How Going Back To Middle School Helped Me Grow Up

You walk into a lunchroom all by yourself. The tables are mostly filled with people who have already found friends, talking and laughing in the comfort that comes with having found their place. You see an empty seat at the very front of the room, right where you’ll have to walk past everyone else to get there. You squeeze between tables, hoping you don’t trip and dump your tray on someone’s head. The successful journey gives you confidence and you ask your potential tablemates if the seat is open. They nod and smile politely, then turn back to each other, and that’s how quickly you become insignificant. The spotlight you felt while you made the journey turns off, and suddenly, you’d like for it to come back so you’ll be noticed. You want very badly to be part of the group.

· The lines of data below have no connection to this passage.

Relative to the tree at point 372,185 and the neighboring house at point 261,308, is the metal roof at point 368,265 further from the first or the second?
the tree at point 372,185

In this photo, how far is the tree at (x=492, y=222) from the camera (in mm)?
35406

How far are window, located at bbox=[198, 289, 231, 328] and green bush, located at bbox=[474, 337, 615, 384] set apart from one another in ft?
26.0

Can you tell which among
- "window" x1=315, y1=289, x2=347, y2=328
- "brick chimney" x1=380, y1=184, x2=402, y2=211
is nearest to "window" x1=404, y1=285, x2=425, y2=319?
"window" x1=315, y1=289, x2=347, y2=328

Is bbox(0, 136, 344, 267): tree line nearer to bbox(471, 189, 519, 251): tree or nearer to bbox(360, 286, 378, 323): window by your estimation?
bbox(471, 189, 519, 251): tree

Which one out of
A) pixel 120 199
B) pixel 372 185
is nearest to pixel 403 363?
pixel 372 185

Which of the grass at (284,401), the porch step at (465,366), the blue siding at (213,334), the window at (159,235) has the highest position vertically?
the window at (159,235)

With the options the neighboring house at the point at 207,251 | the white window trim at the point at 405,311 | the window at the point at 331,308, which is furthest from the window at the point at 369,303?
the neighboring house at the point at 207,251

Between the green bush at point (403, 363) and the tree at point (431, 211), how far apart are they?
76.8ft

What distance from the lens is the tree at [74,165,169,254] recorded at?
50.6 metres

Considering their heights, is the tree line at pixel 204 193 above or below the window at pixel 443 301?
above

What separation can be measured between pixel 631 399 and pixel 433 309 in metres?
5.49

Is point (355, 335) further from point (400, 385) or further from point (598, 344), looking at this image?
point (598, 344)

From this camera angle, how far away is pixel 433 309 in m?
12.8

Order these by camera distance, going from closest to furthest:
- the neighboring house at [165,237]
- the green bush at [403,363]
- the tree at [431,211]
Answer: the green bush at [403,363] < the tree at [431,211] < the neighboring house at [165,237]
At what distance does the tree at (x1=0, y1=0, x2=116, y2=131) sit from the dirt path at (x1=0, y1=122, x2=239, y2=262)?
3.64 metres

Did your stomach clench and your heart race? Mine did two days ago when this happened to me! I’m almost 40 years old, and I’m starting to think that we never entirely escape middle school. But let me tell you what happened next. I was at a writing conference. Writers can either be the most generous and welcoming people, or the most grandiose and boorish, and you often can’t predict which by looking at them. My tablemates were magnificent. There was a young girl, about 20, and her mom. It’s easy to assume that a 20 year old hasn’t experienced enough life to write about it, but this young lady has encountered tragedy that most people never will in their lifetime. More stunning, though, is her courage and conviction that she can use her pain to educate and support others. Her mom is equally remarkable in supporting her daughter without fighting the battle for her, and in letting her daughter speak for herself. Now, I understand why I need to say no to my toddlers. Why I do them a disservice if I protect them from disappointment. Three small children all clamoring with their wants can be overwhelming and it’s tempting to give in when I know I shouldn’t. But Life will not be so lenient and may deal them a crushing blow someday when I’m not there to protect them. How much better prepared will they be if they’re already acquainted with disappointment, fear, failure, and loss? I hope my kids will grow up to be as courageous as that young lady, as able to confront their anger and pain, and as able to use the pain to become stronger than their loss.

Another tablemate was an older lady, an angel on earth, who helped save a woman destined for deportation to the Congo, where she had been tortured and was certainly facing death if she returned. This dear lady’s book (“Rescuing Regina: The Battle to Save a Friend from Deportation and Death” by Josephe Marie Flynn SSND: about the event was just published last year, and while I knew her story, this was my first chance to talk to her. She’s a quiet, gentle person, not someone who seeks conflict, yet she revealed her iron strength when someone needed to be defended. Although the beginning of that lunch felt like middle school, that beginning became completely insignificant in light of The Stories at the table. And maybe that’s what maturity is all about: We learn that there are so many more things in the world bigger than us, yet just one person can be big enough to make those things change for good.

Everyone has A Story to tell.  Some write it; some use other artistic forms, like music or painting; some are genealogists; some might use quilting to join several stories into one. Find your Story and your way of telling it, and then tell it to your children. Don’t be afraid to include the pain and fear, because those make us human, and often joy and strength can’t be fully understood without them. If your kid rolls his eyes every day when you ask, “How was school?” try this instead. Ask, “What kinds of stories happened today?” Everyone loves a story, and your child just might like to tell one too!